2021-09-29 00:42:40

by Saheed O. Bolarinwa

[permalink] [raw]
Subject: [RFC PATCH v3 0/3] PCI/ASPM: Remove struct aspm_latency

From: "Bolarinwa O. Saheed" <[email protected]>

To validate and set link latency capability, `struct aspm_latency` and
related members defined within `struct pcie_link_state` are used.
However, since there are not many access to theses values, it is
possible to directly access and compute these values.

Doing this will also reduce the dependency on `struct pcie_link_state`.

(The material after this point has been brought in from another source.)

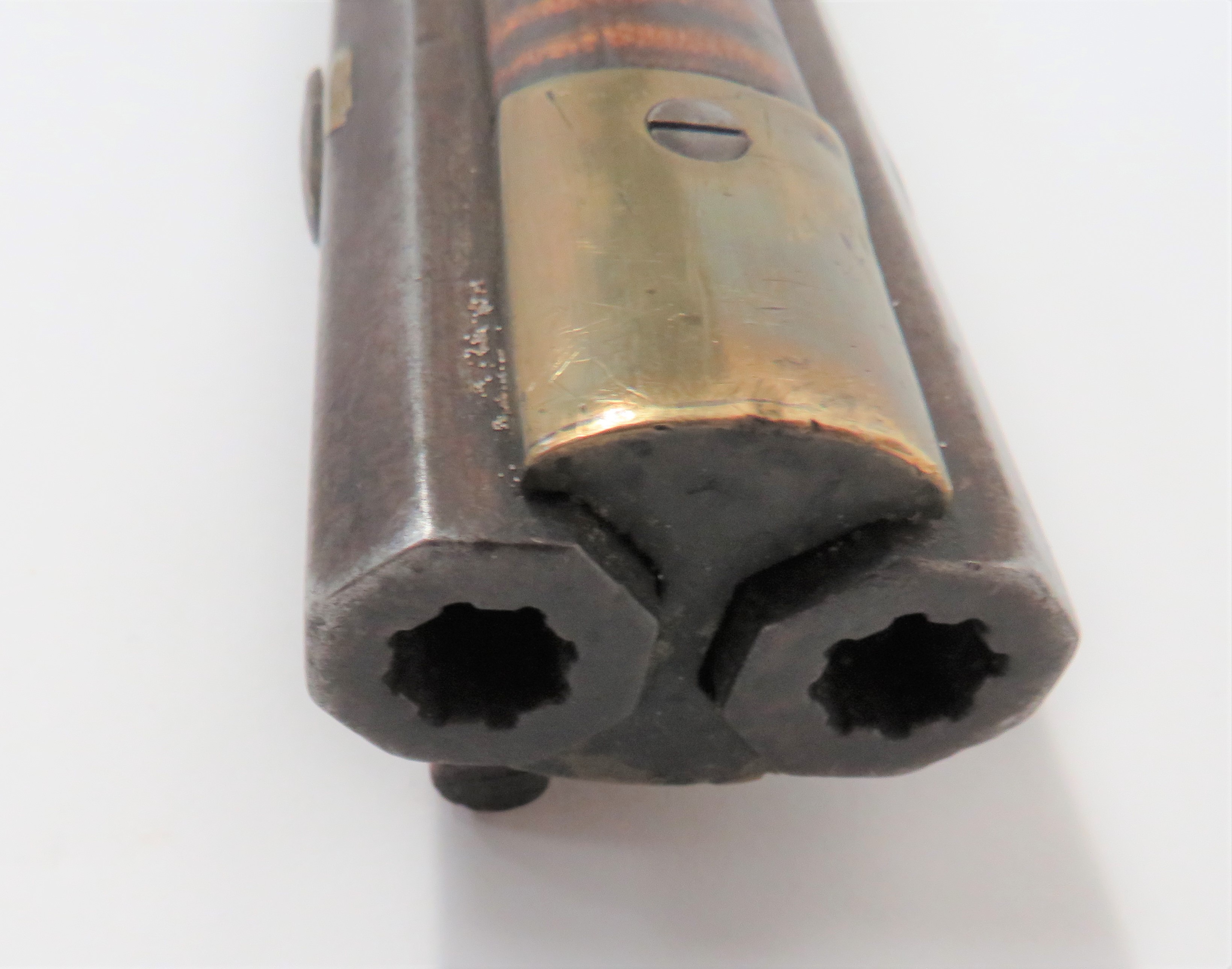 Rare American Plains Double Barrel Over and Under Percussion Rifle 80 bore, 36 1/2 inch, browned, - Image 6 of 6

The series removes `struct aspm_latency` and related members within
`struct pcie_link_state`. All latencies are now calculated when needed.



VERSION CHANGES:
- v2:
- directly access downstream by calling `pci_function_0()`
instead of using the `struct pcie_link_state`
- v3(this version):
- rebase on Linux 5.15-rc2

MERGE NOTICE:
These series are based on
'commit e4e737bb5c17 ("Linux 5.15-rc2")'


Saheed O. Bolarinwa (3):
PCI/ASPM: Remove link latencies cached within struct pcie_link_state
PCI/ASPM: Remove struct pcie_link_state.acceptable
PCI/ASPM: Remove struct aspm_latency

drivers/pci/pcie/aspm.c | 89 ++++++++++++++++++-----------------------
1 file changed, 38 insertions(+), 51 deletions(-)

--
2.20.1


2021-09-29 00:42:40

by Saheed O. Bolarinwa

[permalink] [raw]
Subject: [RFC PATCH v3 1/3] PCI/ASPM: Do not cache link latencies

The latencies of the upstream and downstream are calculated within
pcie_aspm_cap_init() and cached in struct pcie_link_state.latency_*
These values are only used in pcie_aspm_check_latency() where they are
compared with the acceptable latencies on the link.

This patch:
- removes `latency_*` entries from struct pcie_link_state.
- calculates the latencies directly where they are needed.
- moves pci_function_0() upward, so that the downstream device can be
obtained by calling it directly.
- further removes dependencies on struct pcie_link_state.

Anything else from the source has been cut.